Segment Start: Source material

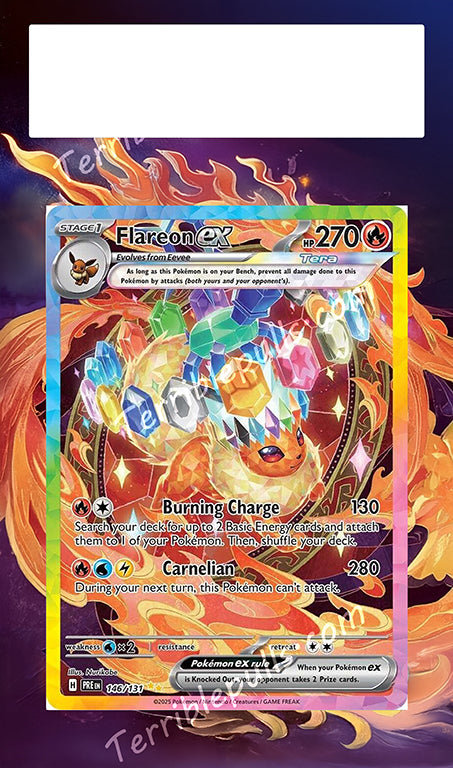 Flareon EX Prismatic Evolutions Extended Art Terrible Slabs Flareon EX Prismatic Evolutions Extended Art Terrible Slabs
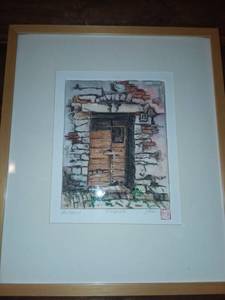 lot 1243 image: The Door Monoprint Framed Art by Local Artist Judy Dove 20 x 17 in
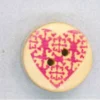 Holzknopf Maschinen waschbar rund 20mm Herz Ornament pink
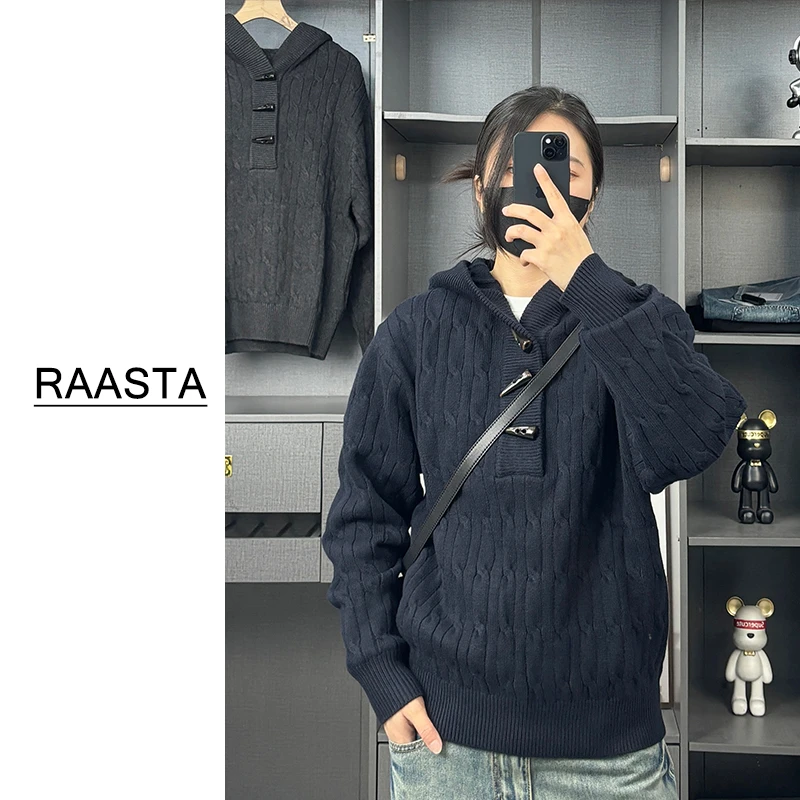 慵懒风秋冬宽松型连帽百搭针织衫男潮流帅气套头麻花状ins毛衣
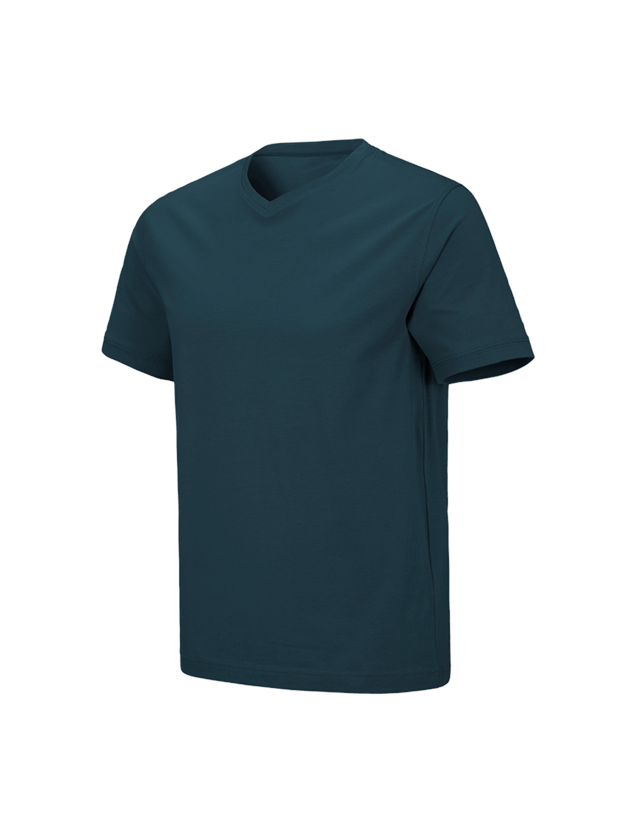 T-Shirts, Pullover & Skjorter: e.s. T-shirt cotton stretch V-Neck + havblå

Segment End: Source material

Your assignment:
Restate the data word for word, minus any images.

Solution:
 Flareon EX Prismatic Evolutions Extended Art Terrible Slabs Flareon EX Prismatic Evolutions Extended Art Terrible Slabs
 lot 1243 image: The Door Monoprint Framed Art by Local Artist Judy Dove 20 x 17 in
 Holzknopf Maschinen waschbar rund 20mm Herz Ornament pink
 慵懒风秋冬宽松型连帽百搭针织衫男潮流帅气套头麻花状ins毛衣
 T-Shirts, Pullover & Skjorter: e.s. T-shirt cotton stretch V-Neck + havblå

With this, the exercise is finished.